[[ Material to process, beginning ]]
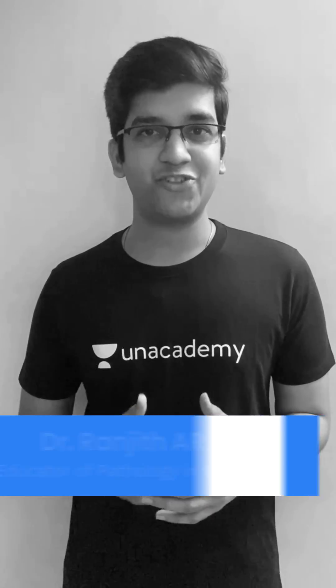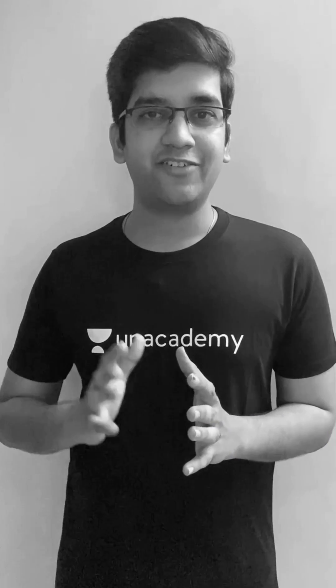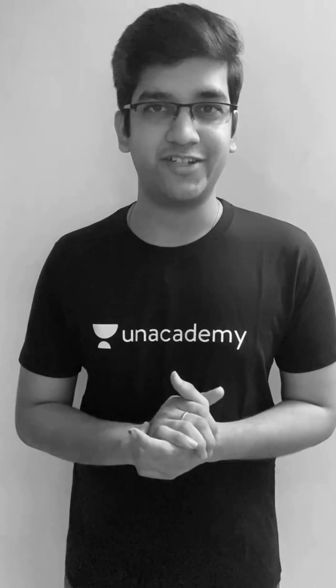Hello everyone, this is Dr. Andit. I'm a pathology educator in an academy. I have completed my undergraduate from Kilpock Medical College and my post-graduation in pathology from Jibma Pondicherry, inclined towards oncology and genetics.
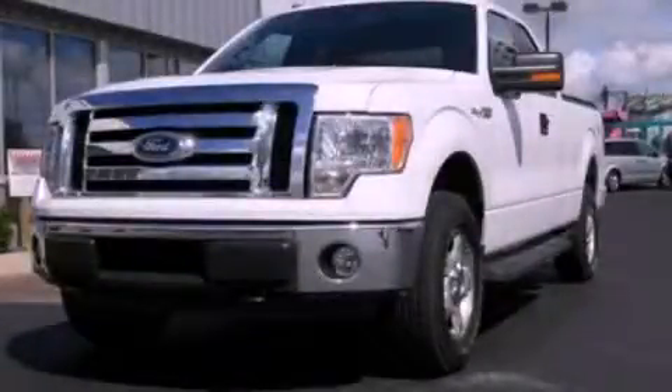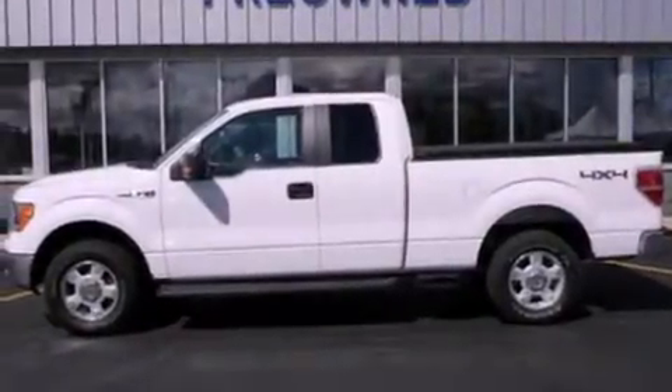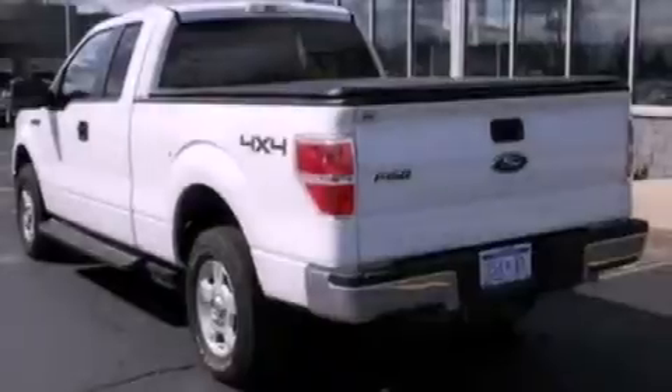This is a 2009 Ford F-150. Strong, durable, and dependable. It has a 5.4-liter 8-cylinder engine and an automatic transmission.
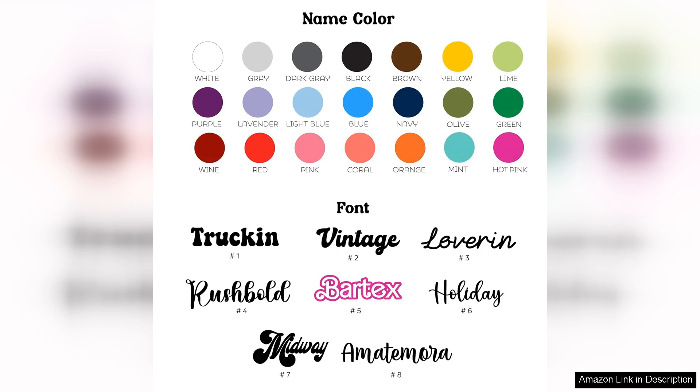In summary, the Cleavit Personalised Name Tag is a worthwhile investment for anyone who owns a Stanley Cup. It combines functionality with style, making it a must-have accessory. I highly recommend it to anyone looking to personalise their drinkware while ensuring it remains easily identifiable. Overall, it's a small touch that makes a big difference.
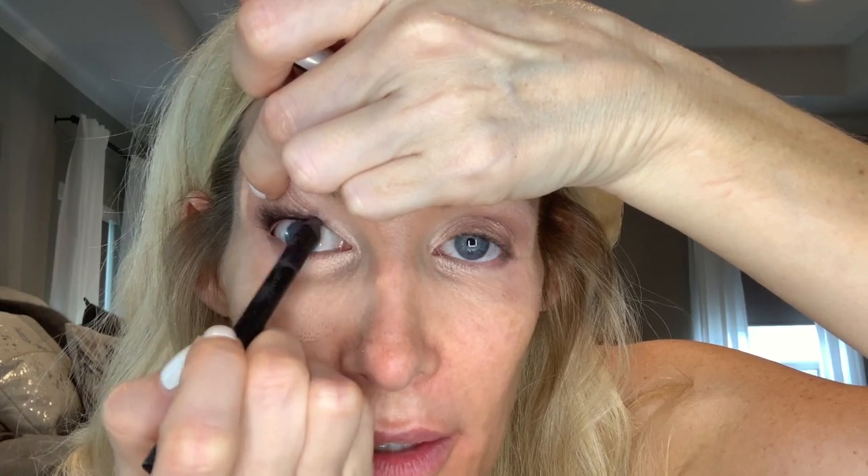I'm not going to use much eyeliner, but I am going to use it on the inner rims of my eyes. I'm using black eyeliner by Charlotte Tilbury — I think it's called Rock and Roll — and I put it on the inner rim underneath my lash line, moving it back and forth like a windshield wiper all the way around. It really makes your eyes stand out. Then I add a little bit of the purple shade in the corners and blend it in.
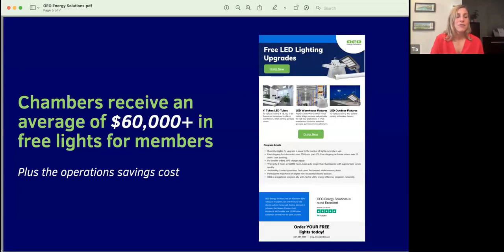Over the past several years, we've worked with over 60 chambers of commerce and have sponsored more than 20 events, as well as provided over $3 million in free lights. Not only is this great news to share with existing members, but it's also a great tool for recruiting potential future members to your chamber as well.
[[ Material to process, end ]]
• [Work instructions]: The answer should contain only the lines from the beginning of the material above through the line with "In summary, the", retyped exactly, with the pictures removed.

• [Response]:
Hello everyone, this is Dr. Andit. I'm a pathology educator in an academy. I have completed my undergraduate from Kilpock Medical College and my post-graduation in pathology from Jibma Pondicherry, inclined towards oncology and genetics.
This is a 2009 Ford F-150. Strong, durable, and dependable. It has a 5.4-liter 8-cylinder engine and an automatic transmission.
In summary, the Cleavit Personalised Name Tag is a worthwhile investment for anyone who owns a Stanley Cup. It combines functionality with style, making it a must-have accessory. I highly recommend it to anyone looking to personalise their drinkware while ensuring it remains easily identifiable. Overall, it's a small touch that makes a big difference.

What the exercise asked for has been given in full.